_REQUIREMENT_
All pictures are to be omitted while the lines starting at the line with "تجلیل از حسابداران" and ending at the line with "Parking at Residence Lot" in the material below are retyped exactly, both ends included.

_EXCERPTED RECORDS_
--- START ---
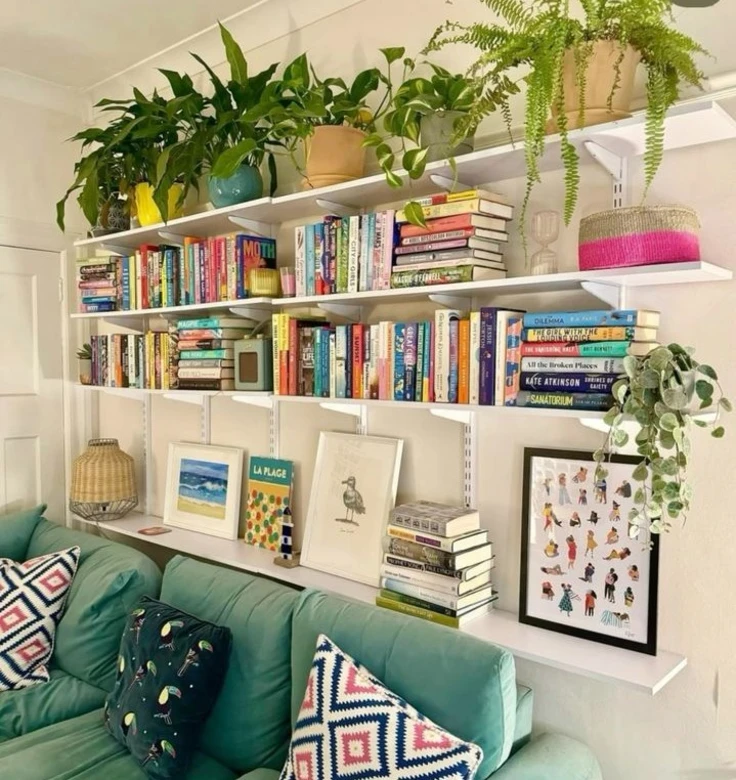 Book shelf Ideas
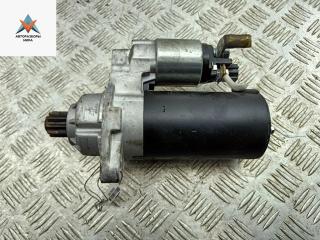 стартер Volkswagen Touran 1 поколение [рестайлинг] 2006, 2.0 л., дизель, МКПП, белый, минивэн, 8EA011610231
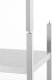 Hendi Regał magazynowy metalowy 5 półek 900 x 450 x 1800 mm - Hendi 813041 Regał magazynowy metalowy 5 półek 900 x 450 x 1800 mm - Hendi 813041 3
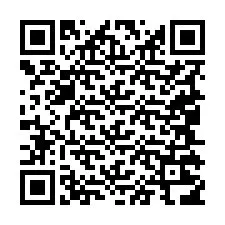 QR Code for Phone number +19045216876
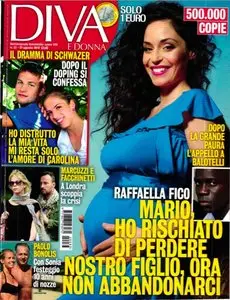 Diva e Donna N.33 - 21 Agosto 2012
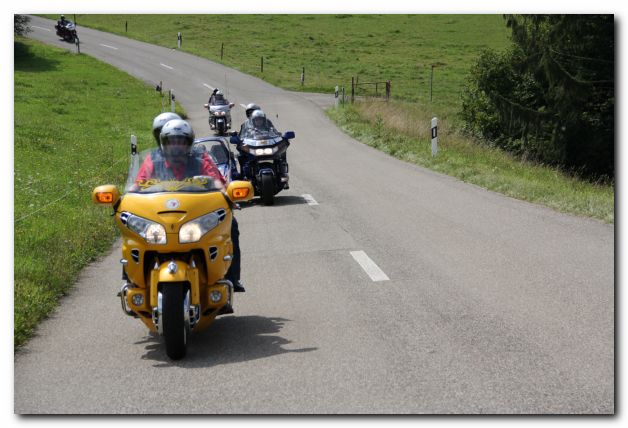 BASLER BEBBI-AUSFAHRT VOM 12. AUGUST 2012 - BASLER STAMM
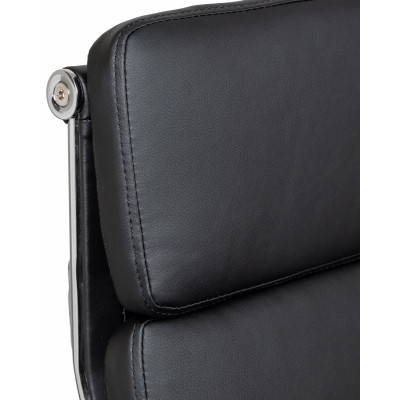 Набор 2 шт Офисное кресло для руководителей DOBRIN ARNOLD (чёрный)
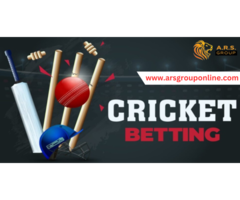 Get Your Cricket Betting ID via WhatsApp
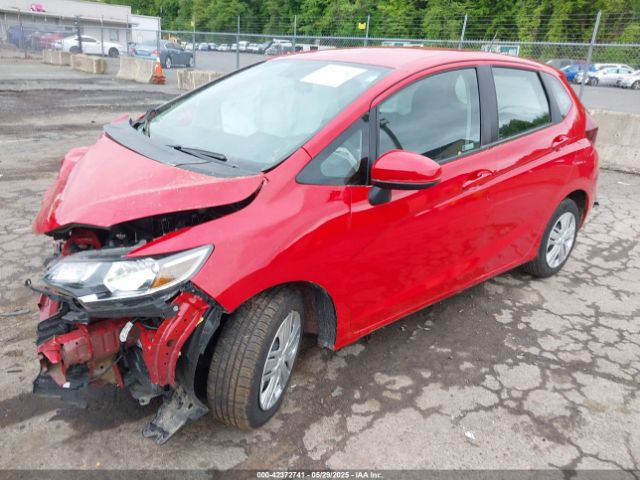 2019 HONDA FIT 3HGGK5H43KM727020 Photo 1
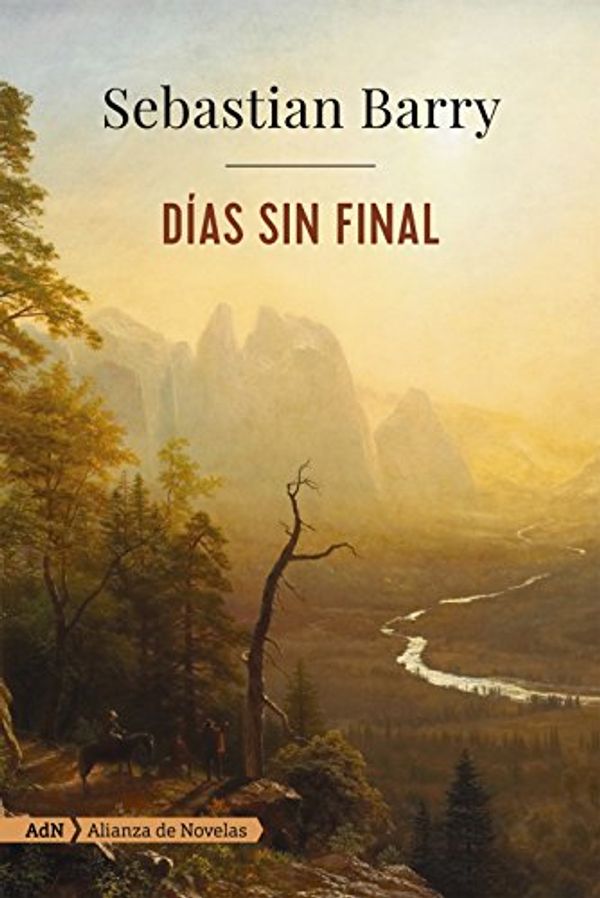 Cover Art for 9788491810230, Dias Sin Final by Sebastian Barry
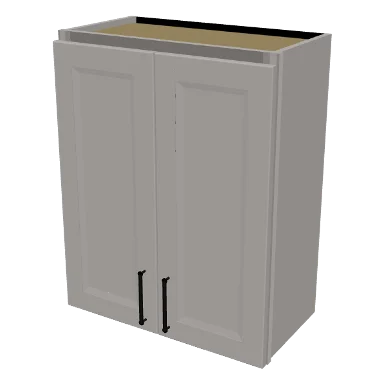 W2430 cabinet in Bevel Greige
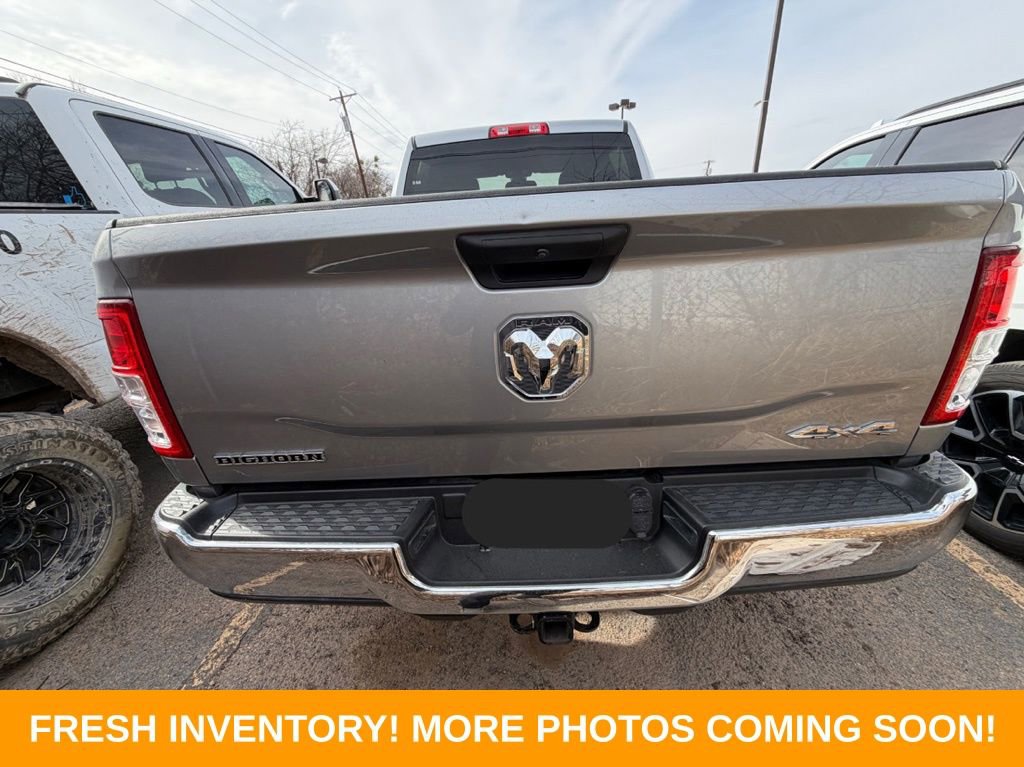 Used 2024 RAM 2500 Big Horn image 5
--- END ---
--- START ---
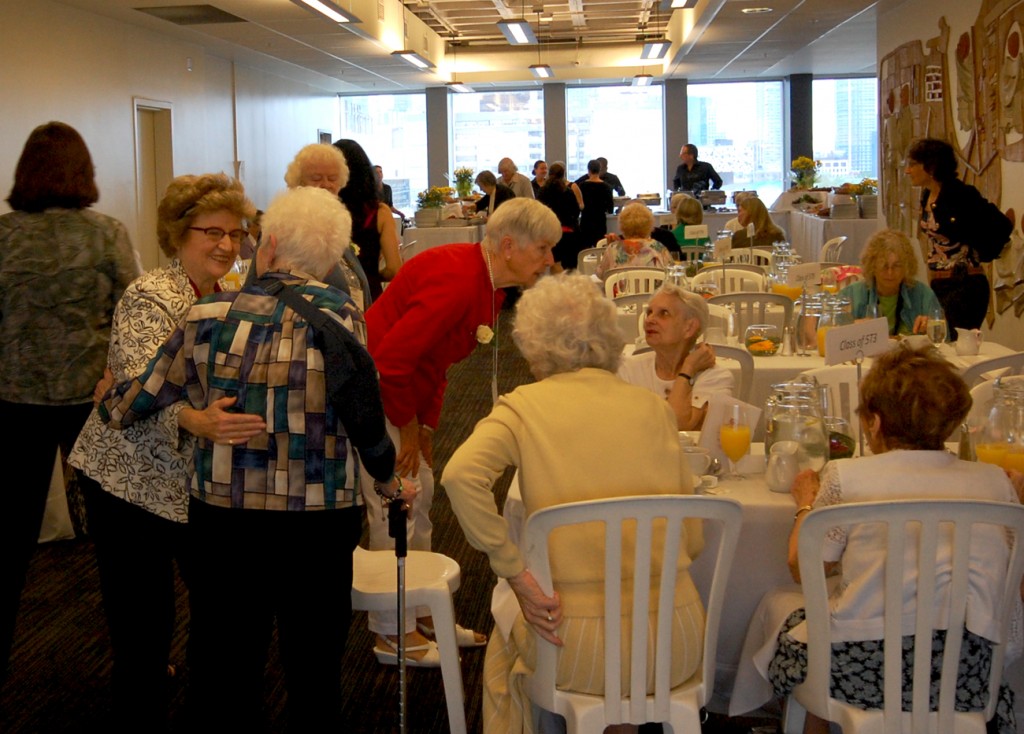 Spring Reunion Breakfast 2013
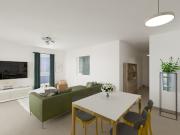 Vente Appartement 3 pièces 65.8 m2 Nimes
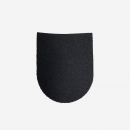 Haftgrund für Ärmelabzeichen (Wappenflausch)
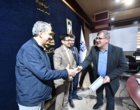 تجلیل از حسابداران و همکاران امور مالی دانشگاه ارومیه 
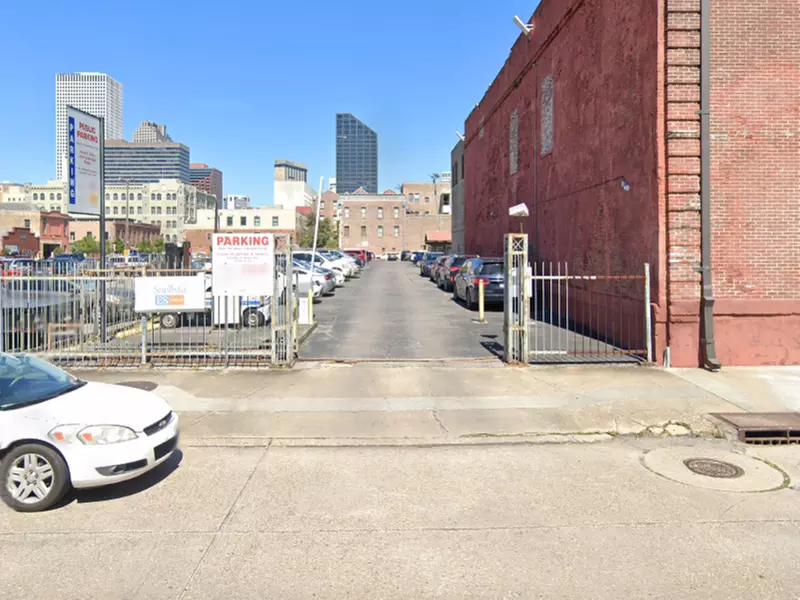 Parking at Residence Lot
--- END ---
--- START ---
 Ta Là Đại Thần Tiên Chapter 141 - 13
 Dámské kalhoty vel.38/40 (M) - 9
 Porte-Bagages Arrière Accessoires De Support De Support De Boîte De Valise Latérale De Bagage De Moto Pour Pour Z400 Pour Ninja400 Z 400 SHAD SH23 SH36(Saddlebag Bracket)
--- END ---
_REPLY_
 تجلیل از حسابداران و همکاران امور مالی دانشگاه ارومیه 
 Parking at Residence Lot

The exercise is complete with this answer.